Re: [PATCH 2/3] cxl/mbox: Add GET_POISON_LIST mailbox command support

From: Davidlohr Bueso
Date: Thu Jun 16 2022 - 18:02:17 EST


On Thu, 16 Jun 2022, Alison Schofield wrote:
I'm headed in this direction -

I like these interfaces, btw.

cxl list --media-errors -m mem1
lists media errors for requested memdev

But in this patchset you're only listing for persistent configurations.
So if there is a volatile partion, or the whole device is volatile,
this would not consider that.

So unless I'm missing something, we need to consider ram_range as well.

cxl list --media-errors -r region#
lists region errors with HPA addresses
(So here cxl tool will collect the poison for all the regions
memdevs and do the DPA to HPA translation)

I was indeed thinking along these lines. But similar to the above,
the region driver also has plans to enumarate volatile regions
configured by BIOS.


To answer your question, I wasn't thinking of limiting
the range within the memdev, but certainly could.

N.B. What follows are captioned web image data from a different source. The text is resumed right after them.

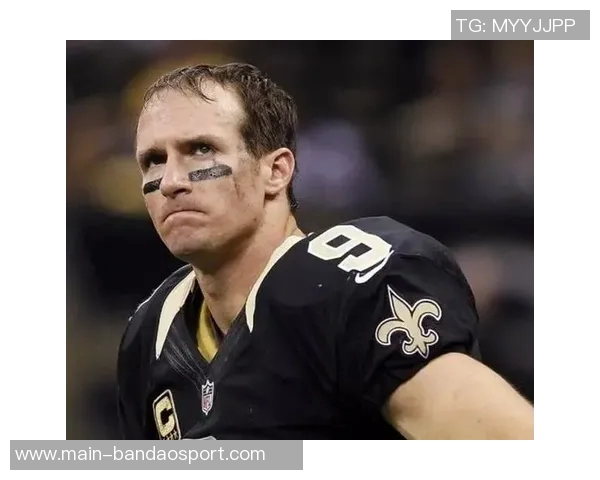 内史密斯早期艰难挣扎却不放弃绿军生涯终获成功与回报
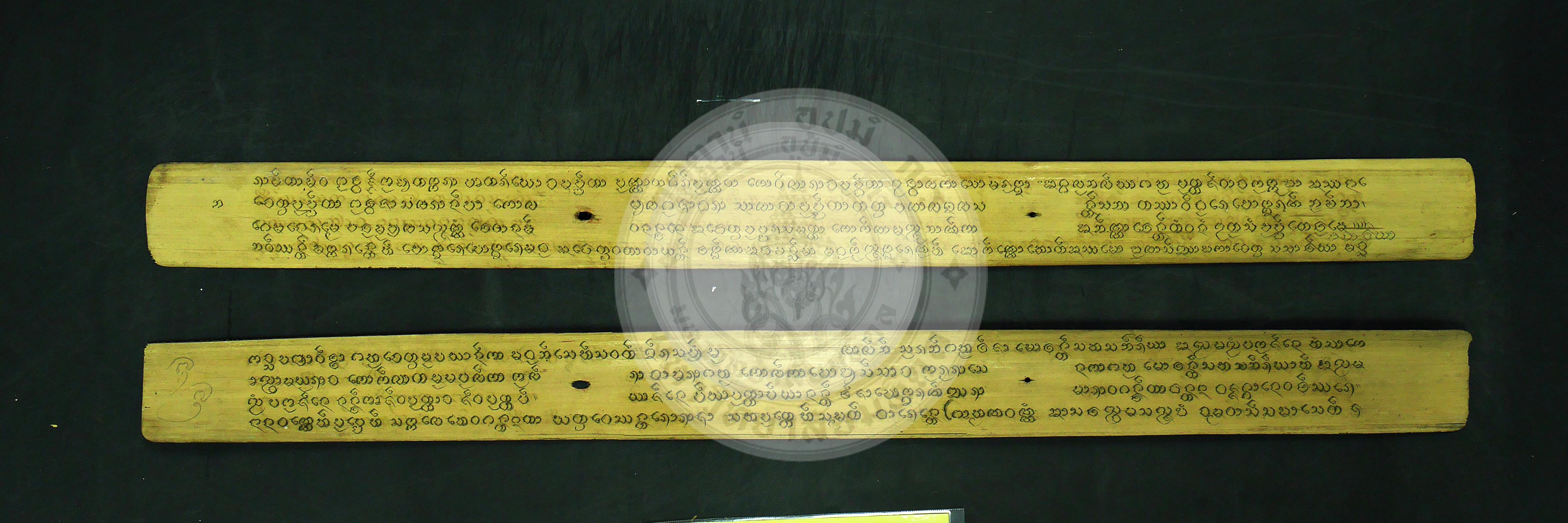 P1240386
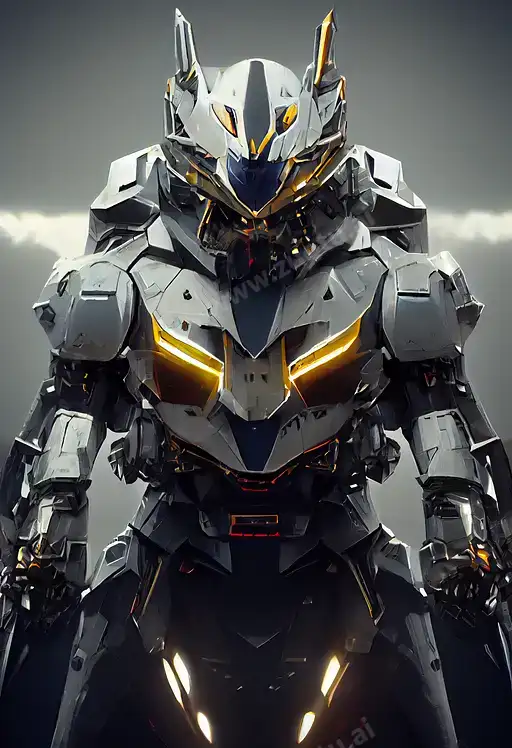 AI Bot
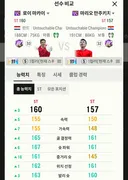 라브한테 1년 내내 당해놓고 아직도 피파를 몰라?
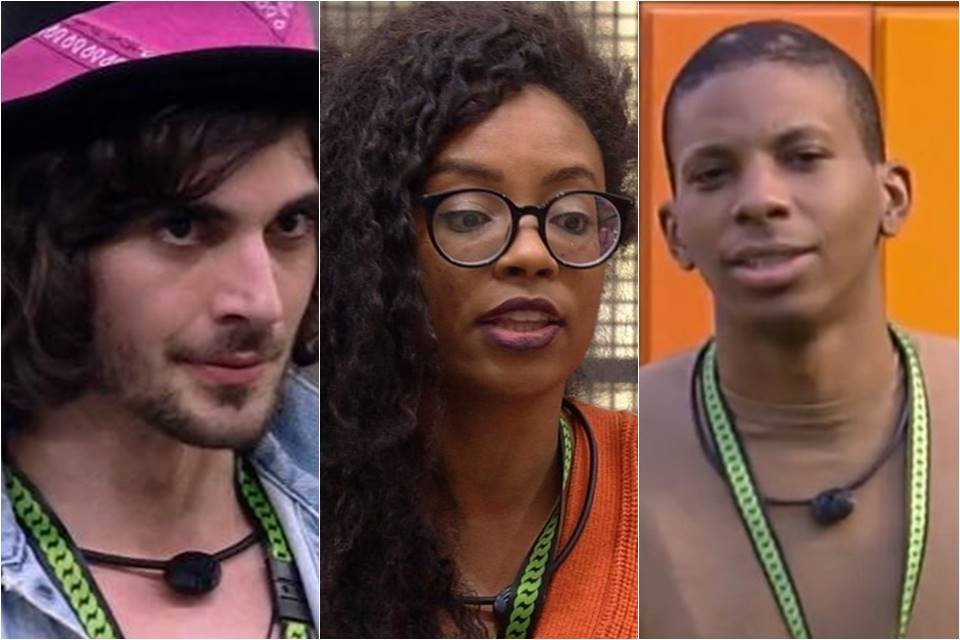 BBB21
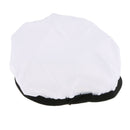 1 Piece 18cm / 7' Standard Reflector Flash Lamp Light Shade Cover Photography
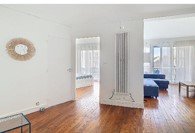 Colocation 3 chambres St-Nazaire 85m²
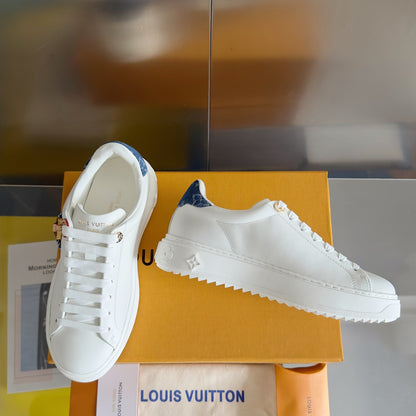 SHOES-LV-LY-426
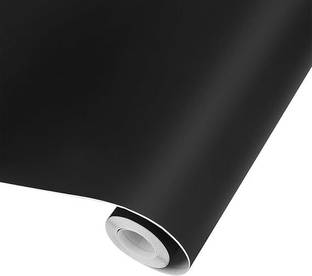 Vinylzone Wrap for Car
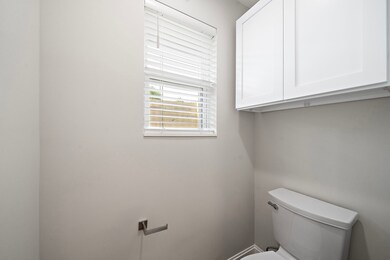 1823 Studewood St unit A, Houston, TX 77008 - photo 7
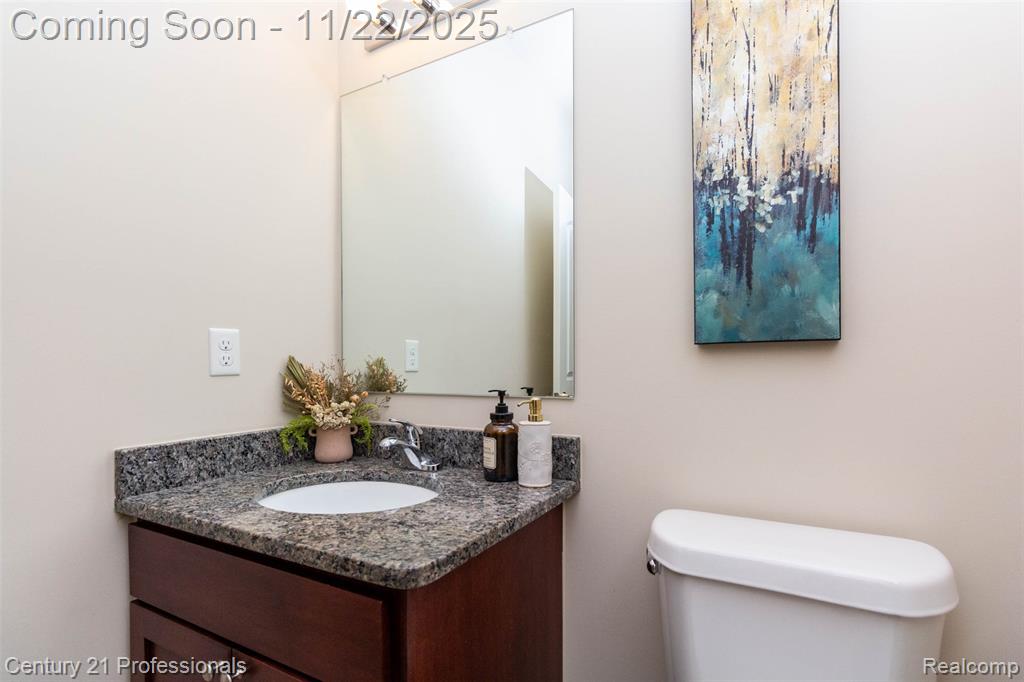 43835 Pheasant Lane, Clinton Twp, MI 48038 — Photo 30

And if we were
taking in ranges, those ranges would need to be checked.

My question was originally considering poisoning only within pmem DPA
ranges, but now I'm wondering if all this also applies equally to volatile
parts as well... Reading the spec I interpret both, but reading the
T3 Memory Device Software Guide '2.13.19' it only mentions persistent
capacity.


$cxl list --media-errors -m mem1 --range-start= --range-end|len=

I figure this kind of like the above with regions being very arbitrary
and dynamic.

Now, if I left the sysfs interface as is, the driver will read the
entire poison list for the memdev and then cxl tool will filter it
for the range requested.

Or, maybe we should implement in libcxl (not sysfs), with memdev and
range options and only collect from the device the range requested.

I wonder if the latter may be the better option considering that always
scanning the entire memdev would cause unnecessary media scan wait times,
specially for large capacities.

Thanks,
Davidlohr